** Opening THE DATA block **

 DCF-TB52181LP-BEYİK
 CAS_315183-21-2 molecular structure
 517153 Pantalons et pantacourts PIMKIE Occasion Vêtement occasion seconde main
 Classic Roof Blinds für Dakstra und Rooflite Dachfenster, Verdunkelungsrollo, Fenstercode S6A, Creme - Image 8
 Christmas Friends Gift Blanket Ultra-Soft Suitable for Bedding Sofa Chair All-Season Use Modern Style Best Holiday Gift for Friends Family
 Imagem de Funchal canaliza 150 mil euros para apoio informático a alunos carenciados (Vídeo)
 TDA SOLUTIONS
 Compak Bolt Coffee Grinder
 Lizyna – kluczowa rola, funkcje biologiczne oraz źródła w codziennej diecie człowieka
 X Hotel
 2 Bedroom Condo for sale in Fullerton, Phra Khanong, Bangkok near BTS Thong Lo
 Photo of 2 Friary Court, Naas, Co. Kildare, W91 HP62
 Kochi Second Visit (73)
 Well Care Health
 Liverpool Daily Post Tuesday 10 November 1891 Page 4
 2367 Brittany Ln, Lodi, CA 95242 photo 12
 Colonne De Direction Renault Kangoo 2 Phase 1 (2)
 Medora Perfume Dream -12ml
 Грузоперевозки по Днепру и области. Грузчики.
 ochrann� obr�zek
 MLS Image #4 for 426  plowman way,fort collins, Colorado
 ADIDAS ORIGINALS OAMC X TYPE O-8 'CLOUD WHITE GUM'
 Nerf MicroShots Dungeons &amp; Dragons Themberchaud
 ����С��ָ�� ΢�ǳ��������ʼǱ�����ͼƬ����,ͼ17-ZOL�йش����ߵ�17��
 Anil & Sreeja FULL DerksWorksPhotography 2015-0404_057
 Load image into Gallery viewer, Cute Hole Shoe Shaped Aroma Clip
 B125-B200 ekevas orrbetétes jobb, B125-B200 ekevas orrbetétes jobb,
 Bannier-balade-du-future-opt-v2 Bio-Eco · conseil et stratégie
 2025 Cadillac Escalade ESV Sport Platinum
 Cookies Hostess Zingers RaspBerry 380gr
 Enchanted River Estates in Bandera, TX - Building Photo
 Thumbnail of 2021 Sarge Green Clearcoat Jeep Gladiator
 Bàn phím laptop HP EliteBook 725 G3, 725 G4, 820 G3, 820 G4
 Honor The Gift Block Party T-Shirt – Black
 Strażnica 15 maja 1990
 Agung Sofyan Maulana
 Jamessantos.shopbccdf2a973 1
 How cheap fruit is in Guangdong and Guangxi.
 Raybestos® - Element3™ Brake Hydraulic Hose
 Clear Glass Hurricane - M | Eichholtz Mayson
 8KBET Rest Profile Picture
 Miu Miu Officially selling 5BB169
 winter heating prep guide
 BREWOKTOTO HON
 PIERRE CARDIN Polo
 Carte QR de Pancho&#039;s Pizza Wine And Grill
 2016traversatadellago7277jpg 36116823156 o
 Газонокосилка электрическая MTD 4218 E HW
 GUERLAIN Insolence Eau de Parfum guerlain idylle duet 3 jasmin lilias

** Closing THE DATA block **

AIM OF THE TASK
Wherever the word "Gift" appears in the data, return the whole line.

ANSWER SPACE
 Christmas Friends Gift Blanket Ultra-Soft Suitable for Bedding Sofa Chair All-Season Use Modern Style Best Holiday Gift for Friends Family
 Honor The Gift Block Party T-Shirt – Black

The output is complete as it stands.